Dni zamieniają się w miesiące, miesiące w lata bez konieczności rozpoczynania od nowa. Będziesz po prostu iść do przodu. Nie będziesz narzekać na walki. Przyjmiesz je, ponieważ będziesz wiedział, że twoja zdolność do przebicia się ostatecznie oddzieli cię od reszty stada.
Dzięki temu droga będzie łatwiejsza. Doskonałość nigdy nie jest łatwa - o to chodzi. Będą wzloty i upadki, przeciwności losu i niepowodzenia. Będą dni, w których absolutnie będziesz chciał rzucić palenie. Ale kiedy wiesz, o co walczysz, znajdziesz sposób, by wytrwać.
To jest życie.

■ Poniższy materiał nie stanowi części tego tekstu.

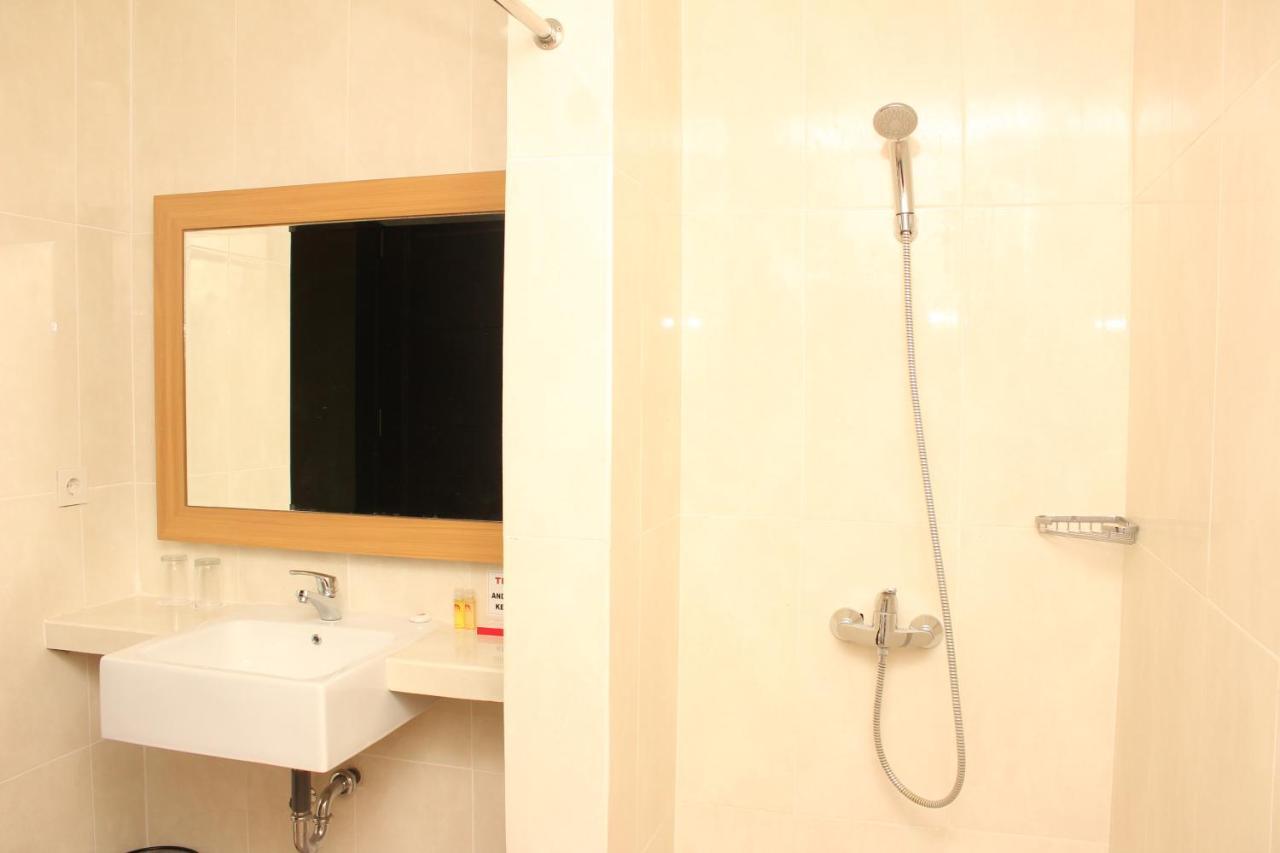 Naka Hotel Kupang Kupang  Luaran gambar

Przeszkody nigdy się nie kończą. Dlatego konieczne jest, aby znaleźć prawdziwy powód, aby iść dalej, a nie jakąś wymyśloną, samo-indukowaną, fitness gumą balonową.
Droga do sukcesu prowadzi do celu, a nie do osoby. Wszyscy jesteśmy zdolni do wielkich rzeczy. Zwykli ludzie, którzy mieli jakiś cel, osiągnęli wielkie rzeczy. Niezwykle utalentowani ludzie bez misji mają chroniczne niedostatki. Społeczeństwo dostarcza wielu przykładów obu.